In a circular sent out to a consumer which suggested that their cable services were available in the specific street, one of the residents receiving the leaflet complained to the ASA because they are actually unable to get the service.
"Dear Householder We've already done all the hard work and connected your street to our state-of-the-art fibre optic cable. In fact, you may have seen Virgin Media vans driving around your area. We've done the checks for you and you're ready to go. So it's easy to turn you on to a world of entertainment … All the hard work's already been done. We've connected your street, run the checks and you're all ready to go. In fact, all you have to do is pick up the phone. Call today, and we'll arrange a time for an engineer to pop round, install everything and show you how it all works …".
Small print included "SERVICES AVAILABLE IN VIRGIN MEDIA CABLED STREETS ONLY. Subject to network capacity, status and credit checks. In limited cases, cabling may not extend from the street to individual premises. A survey will confirm this as soon as possible after enquiries being made. Check if your home's connected at virginmedia.com..."Extract from Virgin Media circular
The complaint was upheld, even though the small print indicated that a survey to confirm availability of the service would be carried out. The ASA determined that the small print contradicted the main body, and thus the advert should not run in the same form and importantly told Virgin Media to not make claims or imply that people were able to obtain their services if this was not the case. In short the main headline for any future adverts that target specific areas need to be clear that not every premise will be able to get the service.

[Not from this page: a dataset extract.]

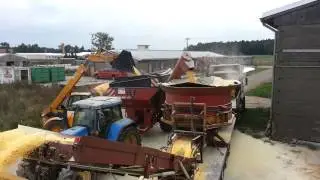 Strohm&uuml;hle beim Mais mahlen. Haybuster beim Mais mahlen.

What is interesting in this case is that Virgin Media appears to have several availability databases, and the leaflet was based on the ability to receive TV and broadband, but the property in question was unable to get a telephone service. This in itself seems an unusual situation, as the coax from the street cabinet is fed with a pair of copper wires for the telephone attached (yes, no fibre is present in the final run to a property), we therefore presume either the copper pair is broke or just not present due to the age of the original coax to the property. Even so it is a surprise to find out that in a street with the cable infrastructure and a property already connected Virgin Media is not willing to fix the connectivity when someone places an order.